Another argument is that government schooling is necessary because parents, being themselves inadequately educated, are incompetent to choose schooling for their children. As John Stuart Mill put it, "The uncultivated cannot be competent judges of cultivation." This argument concedes that government schools will teach what the state wants children to learn instead of what their parents want them to learn, but views that as an advantage of the government system.

This argument seems to justify at most one generation of government schooling. Once we educate the first generation, they should then be competent to choose an education for their children. The U.S. and Britain have now had universal government schooling for at least five or six generations. If it has done a good job of educating students it should now be unnecessary, and if it has done a bad job perhaps we should try something else.

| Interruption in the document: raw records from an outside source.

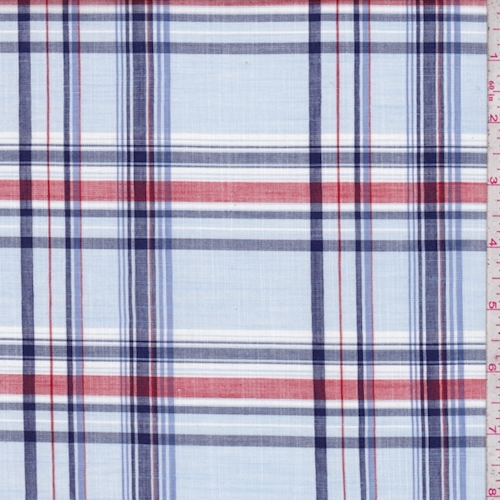 Pale Blue/Navy/Red Plaid Shirting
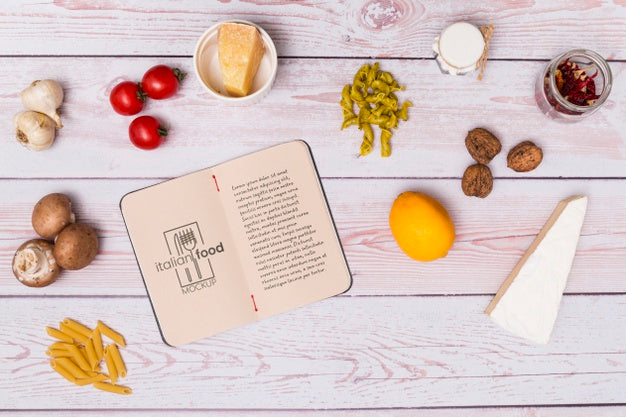 Above View Ingredients Arrangement Psd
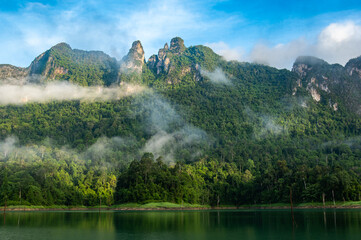 Beautiful nature at Cheow Lan Dam,Khao Sok National Park in Thailand. - 454068844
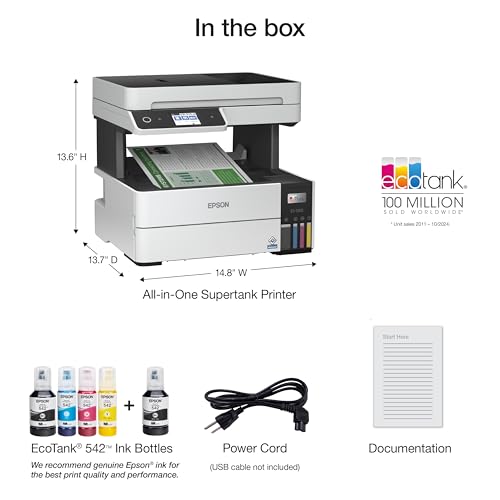 Image of Epson EcoTank Pro ET-5150 Wireless Color All-in-One Supertank Printer with Scanner, Copier, Plus Auto Document Feeder. Full 1-Year Limited Warranty (Renewed Premium),White
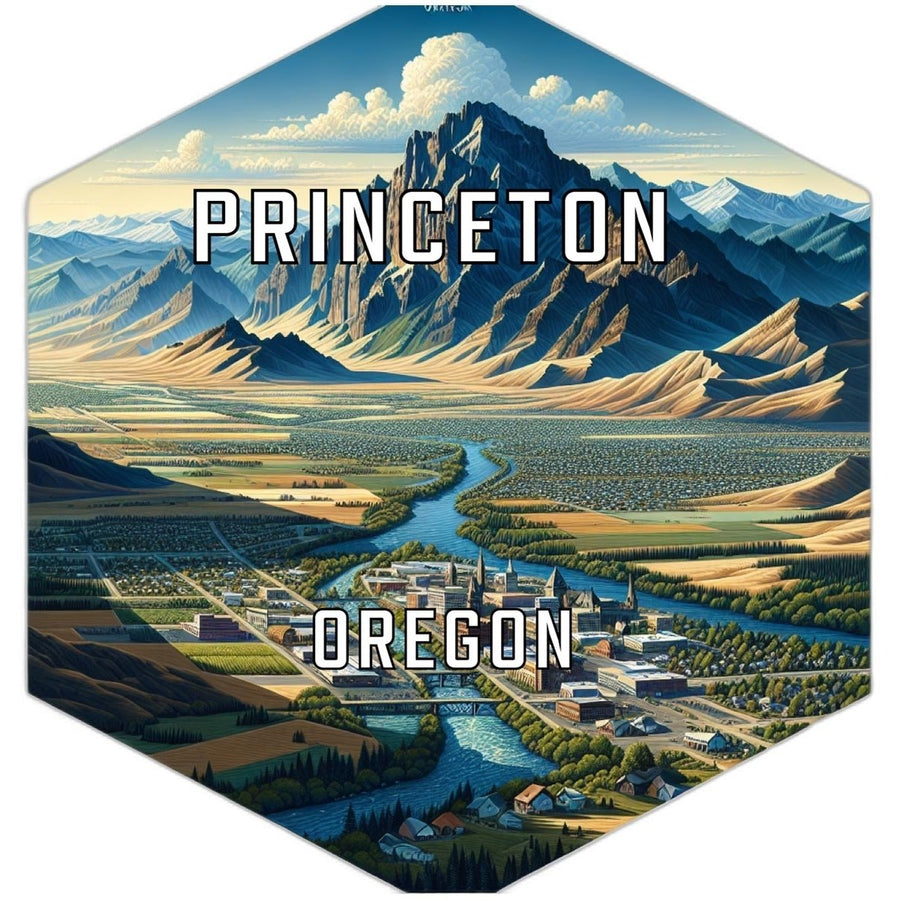 Princeton Oregon Souvenir Travel Destination Die Cut Hexagon Fridge Magnet Image 1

A further problem with the argument is that most of what the government schools actually teach -- or, too often, fail to teach -- is well within the comprehension of virtually all parents. Insofar as the main business of the schools is to teach children the basic skills needed to function in our society, the children’s parents are usually competent to judge how good a job is being done. Even a parent who cannot read can still tell whether his child can. And, while a few educational issues may go beyond the parents competence to judge, parents qua parents, like parents qua taxpayers, have the option of making use of other people’s expert opinion. The crucial difference between the two roles is that a parent deciding what school his child shall go to has a far stronger incentive to form as accurate an opinion as possible than does a parent deciding how to vote.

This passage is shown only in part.